Passive House pre-test happened this week at 158 Clifton. David White, Grayson Jordan of Castrucci Architect, Jim Hartin and the crew of Blueline Construction looked to meet the Passive House Institute (PHI) tightness threshold; measured by the decisive Air Blower test. The retro-fit started over a couple of years back, with an 1887 wooden row house – “…in as bad of shape as I’ve ever seen”, related construction veteran Hartin. The project doubled down with an unlikely new building envelope – two thousand year old Redwood windows, Worcestershire Sauce wooden tank facade cladding, and the trampled planks of the Coney Island Boardwalk as a perforated rain screen on the back.
David White, attaching a space age Air Blower to the parlor window; and utilizing a pen sized smoke sensor and European Allen wrench, proceeded with the energy test . At the outset, the house hovered 40 CFM’s over the target, with certification numbers remaining out of reach throughout the day. But the team chipped away at the high leakage reading by sealing microscopic leaks in window and door seams, ducts, electrical penetrations and consequential but previously undetected spots of energy loss. Even if a score came up short, the process was witness to the value of certification. But the final result was pass.

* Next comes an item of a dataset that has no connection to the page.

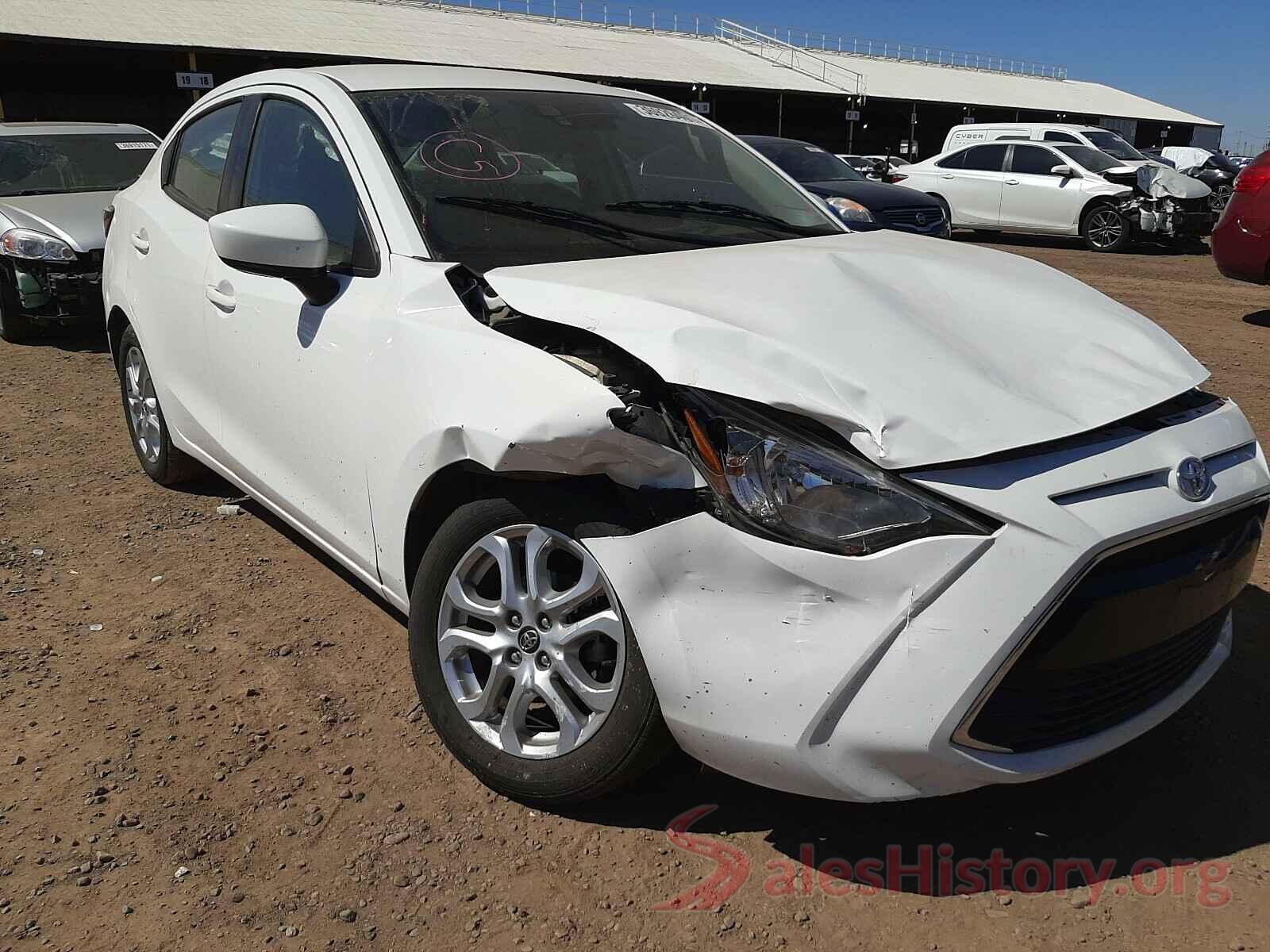 3MYDLBYV2HY185353 2017 TOYOTA YARIS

Sawkill Lumber joined with Menck Windows at the North American Passive House Conference 2016. The intersection of reclaimed woods – a certifiable ‘passive’ forest product – and energy efficient windows, was a triple-pane window made with reclaimed Redwood (salvaged from dismantled vinegar tanks), supplied by Sawkill Lumber and manufactured at the Menck Windows facility in the U.S.; just three hrs north of NYC in Chicopee, MA. Thanks to Menck for their leap into the process and putting the salvaged wood through their state-of-the-art milling equipment. Their acceptance of what’s otherwise a clear ‘defect’ in the wood was certainly stretched on this one. A remarkably technical, beautiful and uber-sustainable window emerged. The first one was installed at a Brooklyn passive house on the opening day of the conference.

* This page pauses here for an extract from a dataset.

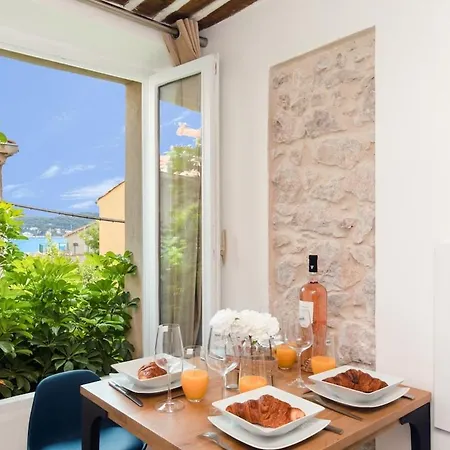 Fabulous Old-town House, Vue Terrasse, Philomer, 3 Αντίμπ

David White employs the ‘Duct Blaster’, checking for leaks in the ventilation system (installed by Alexander Sanchez of A C + H). The numbers were on target, with the the blaster – looking like something on loan from NASA – registering under 5% leakage.

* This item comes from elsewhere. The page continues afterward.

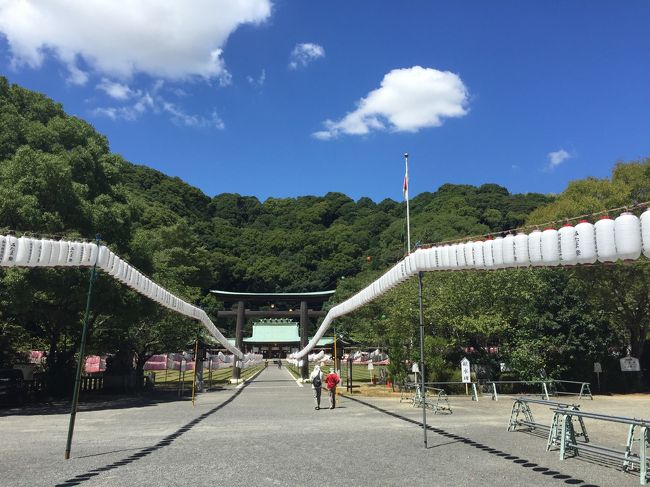 久しぶりの快晴の下、静岡縣護国神社の広い境内を散策する。<br />周辺には、柚木公園～中学・高校・大学などの文教施設があり、緑地の多い静かな環境で気分転換にウオーキングするには最適な場所です。<br /><br />今日はカメラが重いので、携帯電話のカメラ機能で撮影したものです。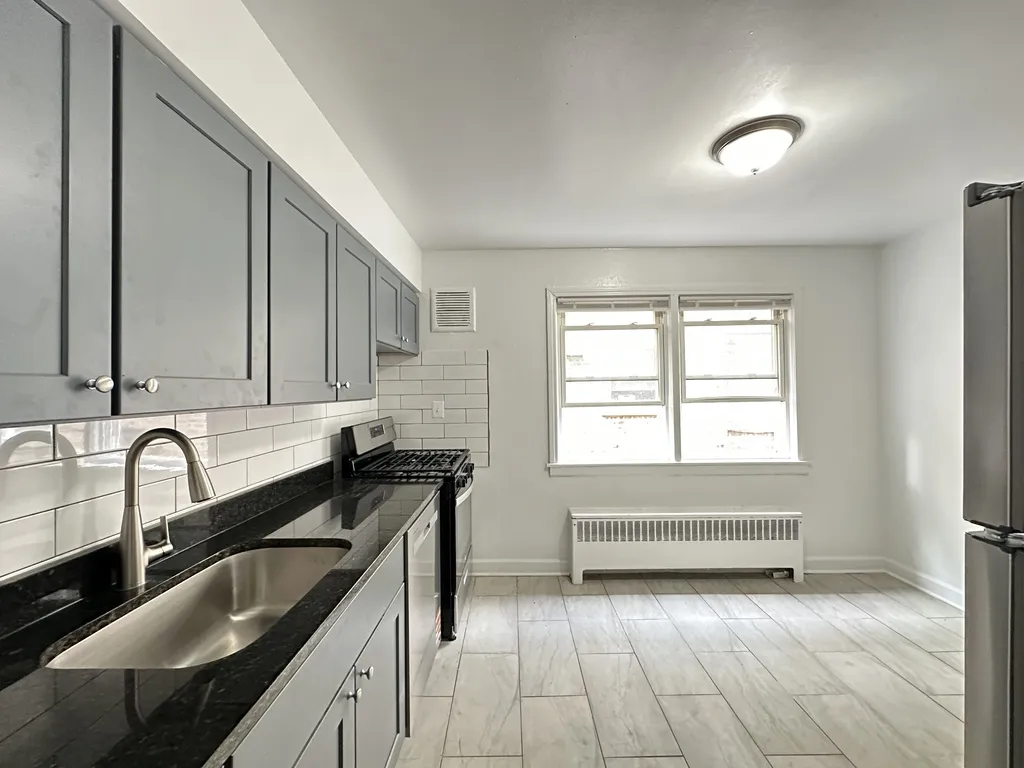 6719 N California Ave, ,  60645, USA 60645-unit#1W-Chicago-IL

Turning wine into windows. Klaas Armster inspects the reclaimed wine tank Redwood at Strout Millwork that is being prepared for the Passive House windows by Menck.
The stair rail was an original detail of the house that remained, with floors, walls and other interior work replaced over the eras. But an old hand rail may be the closest we’ll get to shaking hands with every former resident of the house. A rebuilt staircase by Blueline Construction will use rustic Pine treads and risers, reclaimed Oak and Hickory spindles.